The cry was pinched off short as the blood-warm waters of the Caribbean Sea dosed over his head.
He struggled up to the surface and tried to cry out, but the wash from the speeding yacht slapped him in the face and the salt water in his open mouth made him gag and strangle. Desperately he struck out with strong strokes after the receding lights of the yacht, but he stopped before he had swum fifty feet. A certain coolheadedness had come to him; it was not the first time he had been in a tight place.
His curiosity over the gunfire and the love of his pipe caused Rainsford to react carelessly and put himself in a dangerous situation, a bad combination on board a ship at night.
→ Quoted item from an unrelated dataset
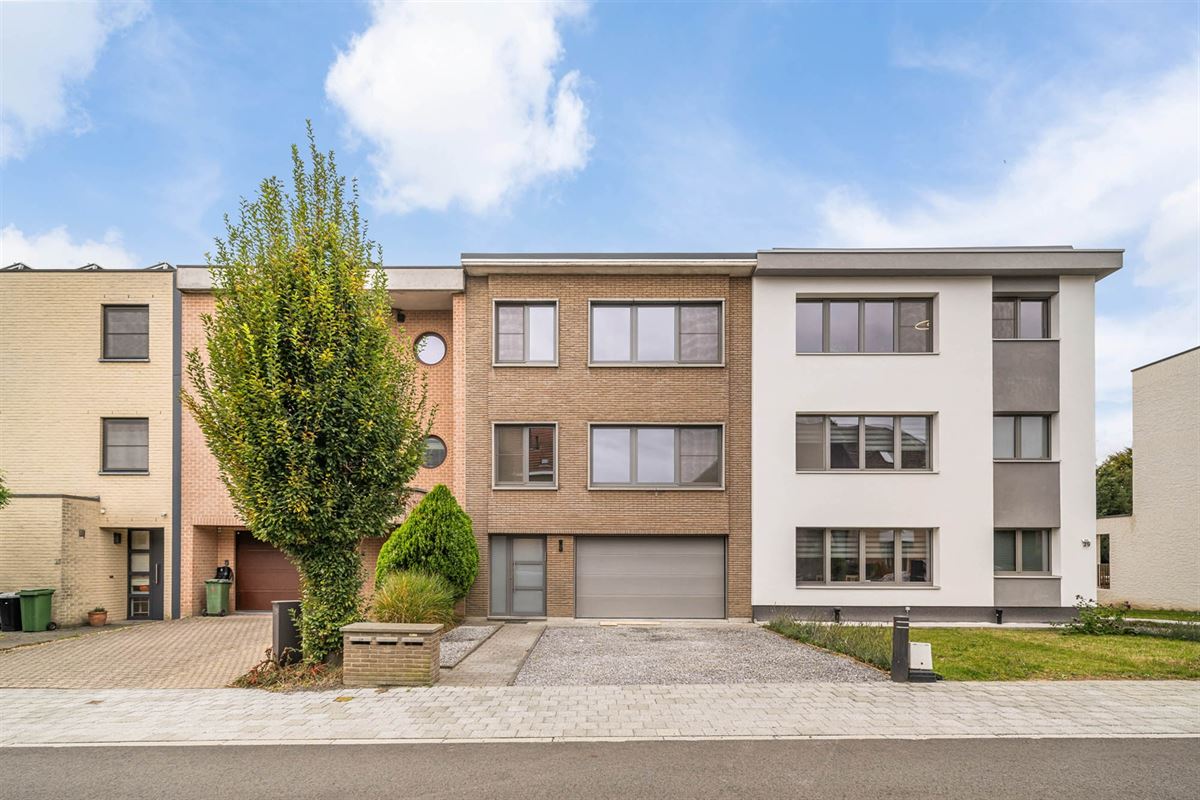 Appartement met tuin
Whitney and Captain Nielsen are also travelling on the yacht with Sanger Rainsford when he falls overboard near Ship-Trap Island in Richard Connell's short story "The Most Dangerous Game." Whitney is Rainsford's hunting partner, and the two are headed to South America for an upcoming expedition on the Amazon River. Whitney is used primarily for exposition, since his conversation with Rainsford gives the reader background information about their past. He also acts as a conscience for Rainsford.
"The best sport in the world," agreed Rainsford.
"For the hunter," amended Whitney. "Not for the jaguar."
"Don't talk rot, Whitney," said Rainsford. "You're a big-game hunter, not a philosopher. Who cares how a jaguar feels?"
"Perhaps the jaguar does," observed Whitney.
"Bah! They've no understanding."
"Even so, I rather think they understand one thing--fear. The fear of pain and the fear of death."
Captain Nielsen does not actually appear in the story. The only mention of him comes when Whitney tells Rainsford of the captain's warning about the island.
"...Those fishy blue eyes held a look I never saw there before. All I could get out of him was `This place has an evil name among seafaring men, sir.' Then he said to me, very gravely, `Don't you feel anything?'--as if the air about us was actually poisonous.
Nielsen, like Whitney, serves merely to advance the mysterious reputation of Ship-Trap Island and to set the stage for Rainsford's later adventure on the island.